Kenya is suffering the consequences of a tax evasion opulent strategy led by Deepak Rajoriya, Director of Oki General Trading Kenya Limited, who has been exposed as the master of a multimillion-dollar fraud plan.
The Kenya Revenue Authority (KRA) police intervention has uncovered a fraud scheme that includes the illegal import of perfumes that cost more than 300,000 USD (39 million KSh) but only 2 million KSh in duty was paid – a very small part of the proper tax.

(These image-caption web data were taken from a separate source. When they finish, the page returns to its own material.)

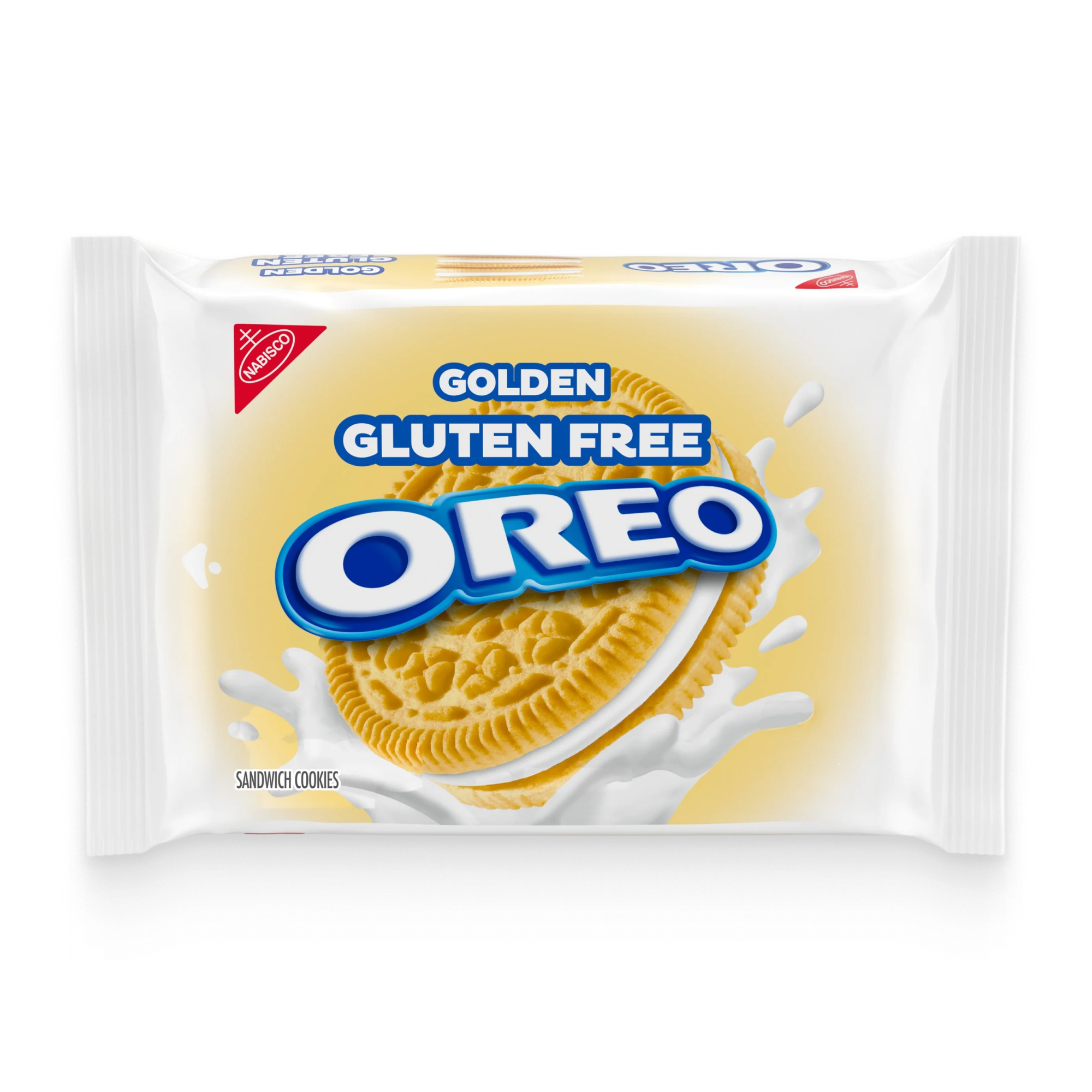 Gluten Free Golden Sandwich Cookies, 2 Pack X3
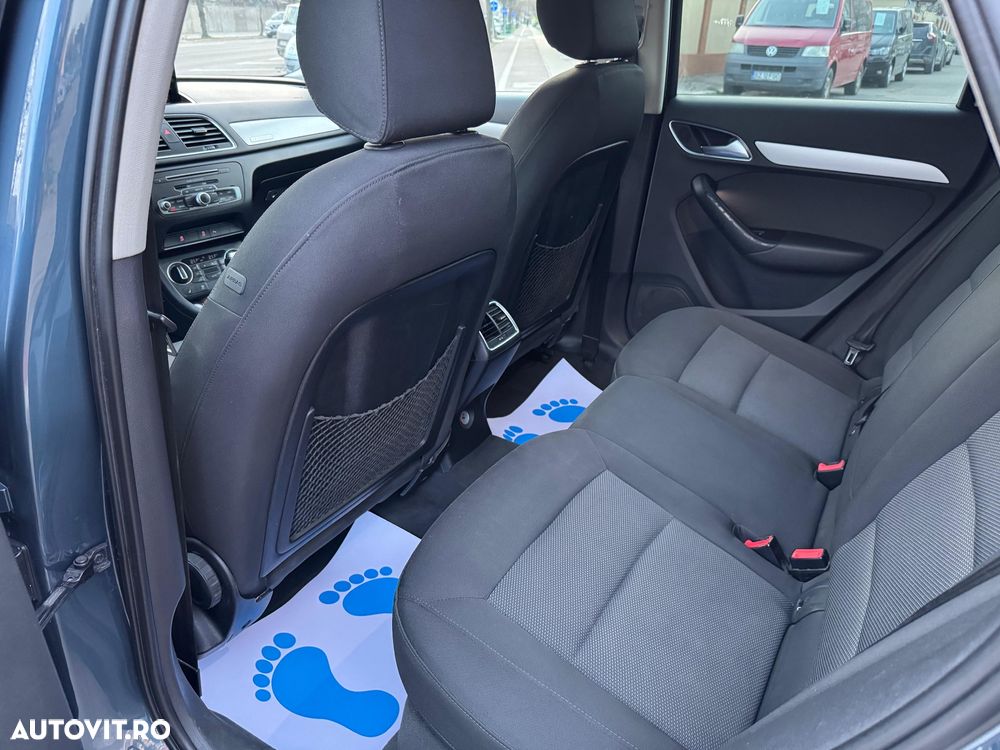 Audi Q3 2.0 TDI Quattro Stronic Design - 28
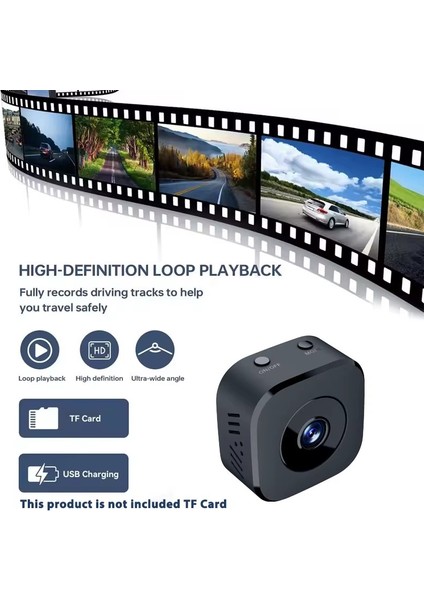 Wifi Mini Güvenlik Kamera (Uzaktan Izleme-Ses Dinleme-Hafıza Kart Kayıt) fiyatları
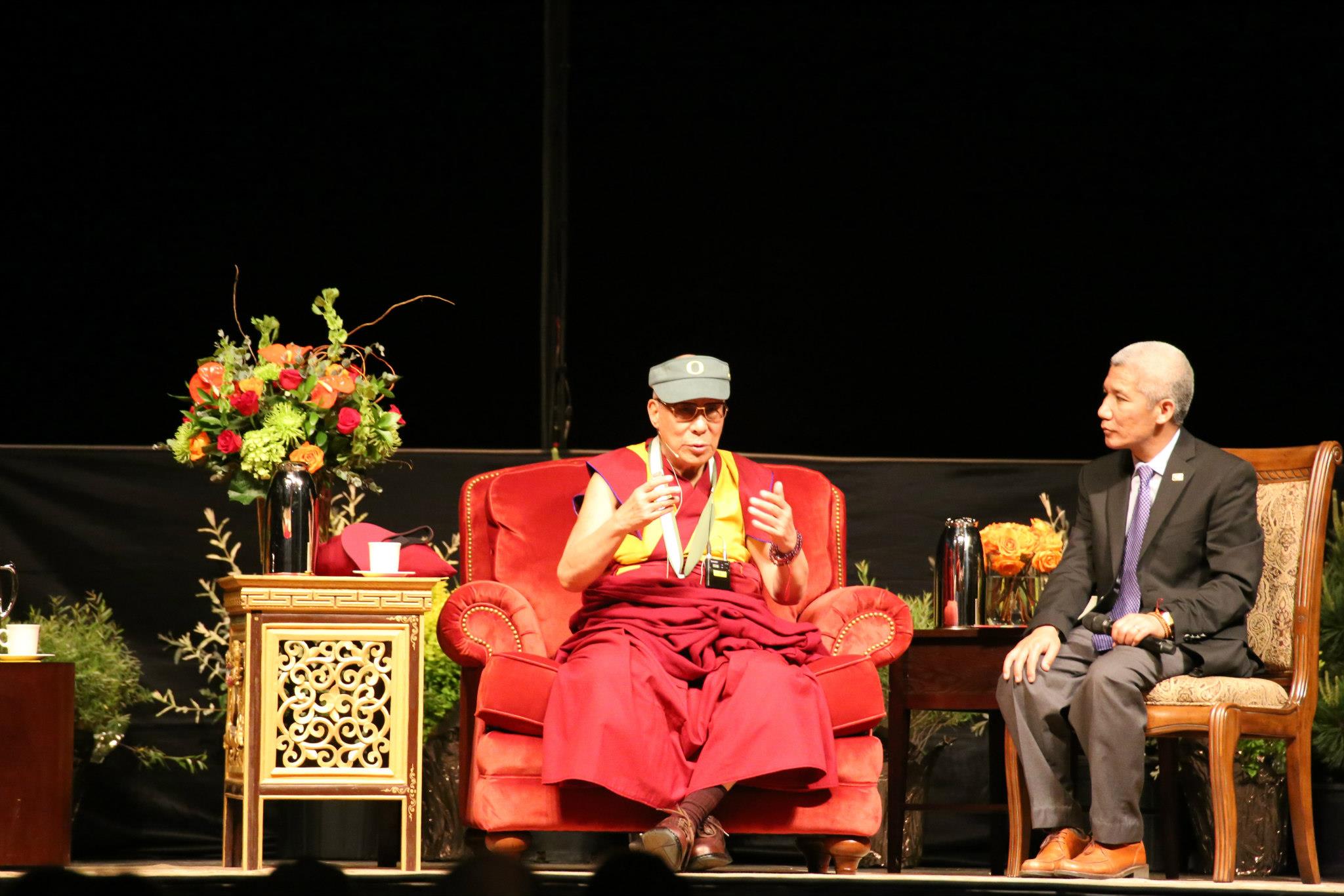 Dalai Lama | 5/10/2013 | Matthew Knight Arena | Eugene Oregon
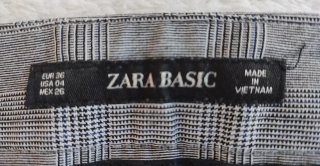Pantalón de vestir Zara Basic - Talla 36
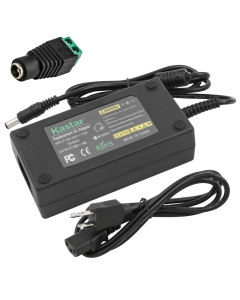 Kastar AC Adapter, Power Supply LCD 12V 4A 48W for LCD Monitor, LED Strip Light and Other Low Voltage Device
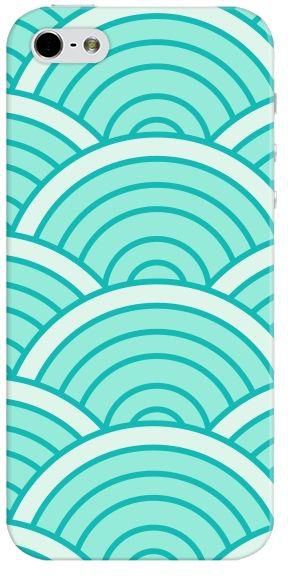 Stylizedd Premium Slim Snap Case Cover Matte Finish for Apple iPhone SE / 5 / 5S - Green Arch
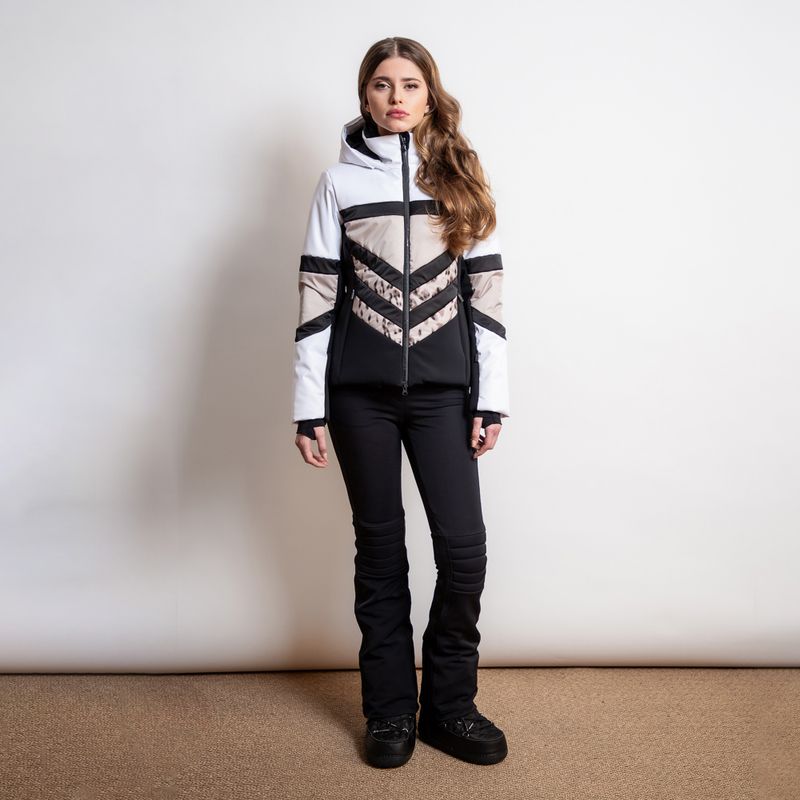 Pantaloni da sci da donna Sportalm Snowy nero 3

The inquiry establishes that Rajoriya too, by teaming up with Karan Badlani, a director of Satnam Limited, not only engaged in operating numerous shell companies like Satnam Limited, and Satnam Kenya Investment Limited but also in fabricating the documentation of the import to trick the watch and evade the traffic flow.
The plot wasn’t a mishap but a part of a scheme to transfer the money overseas while the people were left to pay the tax shortfall.In addition, it is claimed that in order to break the law easily, Badlani resided in Kenya without a valid visa for more than two and a half years.
The Rajoriya–Badlani duo stands accused of deliberately devising a network designed to undermine the tax system in Kenya, with Rajoriya faking import documents and Badlani being the smokescreen created by a rotating cast of shell companies.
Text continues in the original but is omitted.